Der deutsche Politikwissenschafter Kai Hafez geht den brennenden Gesellschaftsfragen unserer Zeit auf den Grund. Ein wesentliches Hauptproblem liberaler Demokratien in Europa sei die Tatsache, dass in der bürgerlichen Gesellschaft islamfeindliche Haltungen, die als eine spezifische Form von Rassismus zu kennzeichnen seien, äußerst verbreitet sind, schreibt der Autor. Wenn eine Mehrheit nicht an die Verfassungstreue einer Minderheit glaube und wenn sich die Minderheit in hohem Maße diskriminiert fühlt, "dann leben wir in einer instabilen Angstgesellschaft", folgert Hafez. Während nur eine Minderheit sich offen zu Rassismus und Gewalt bekenne, glaube der überwiegende Teil der Mehrheitsgesellschaft, der Islam an sich sei gewaltsamer als das Christentum und nicht vereinbar mit westlichen Werten und westlicher Kultur. Das sei grober Unfug, so Hafez.

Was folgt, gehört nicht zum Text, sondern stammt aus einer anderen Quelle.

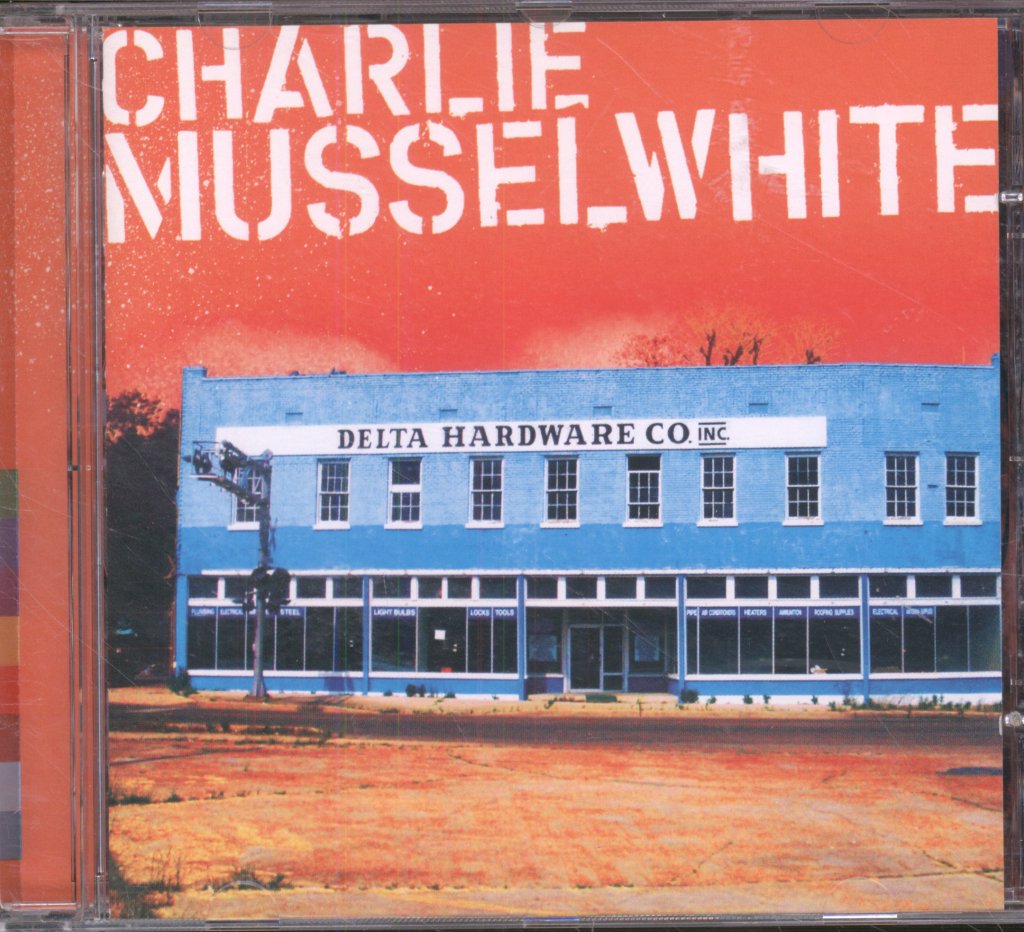 Charlie Musselwhite - Delta Hardware - Cd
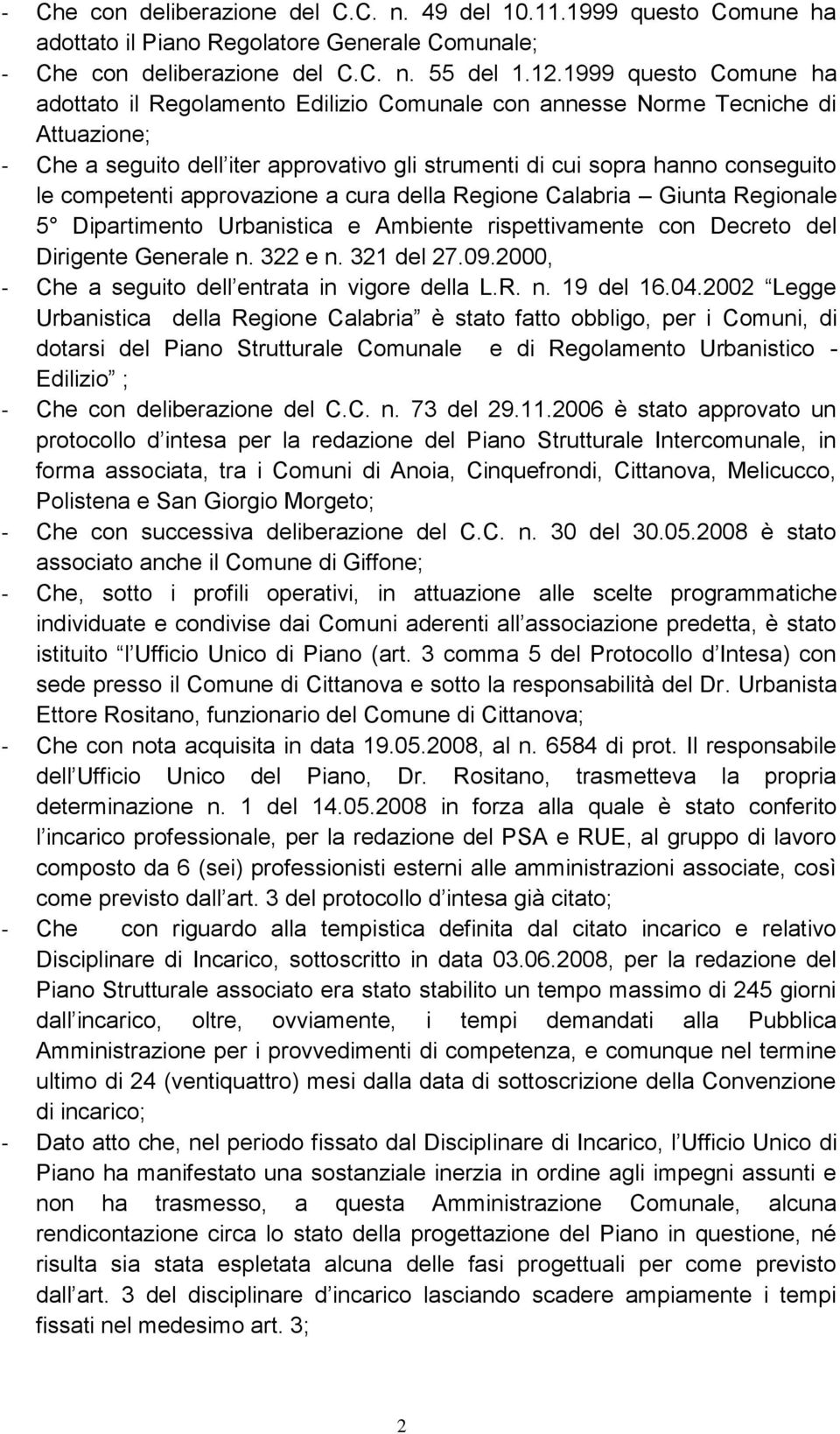 competenti approvazione a cura della Regione Calabria Giunta Regionale 5 Dipartimento Urbanistica e Ambiente rispettivamente con Decreto del Dirigente Generale n. 322 e n. 321 del 27.09.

Jenseits aller egozentrisch bedingter Abwehrhaltungen bis hin zur Gewaltbereitschaft auf beiden Seiten müsse es gelingen, die im Westen lebenden muslimischen Gemeinden in die liberale demokratische Rechtsstaatlichkeit zu integrieren. Zentral für eine breite Verankerung liberaler Werte im Rahmen einer multikulturellen Wissensbasis ist das Verhältnis von Werten zu Wissen und Bildung. Gerade hier müsse mehr geschehen. Es braucht eine Neuerfindung der "liberalen Gesellschaft" - im Sinne eines aufrichtigen Dialoges der Politik, der Bürger, der Medien, Wissenschaft, Schule und Kirchen mit- und untereinander. Nur auf diese Weise können trennende Mauern eingerissen werden.

Kai Hafez: Freiheit, Gleichheit und Intoleranz - Der Islam in der liberalen Gesellschaft Deutschlands und Europas. Transcript Verlag, 370 Seiten, 30,70 Euro.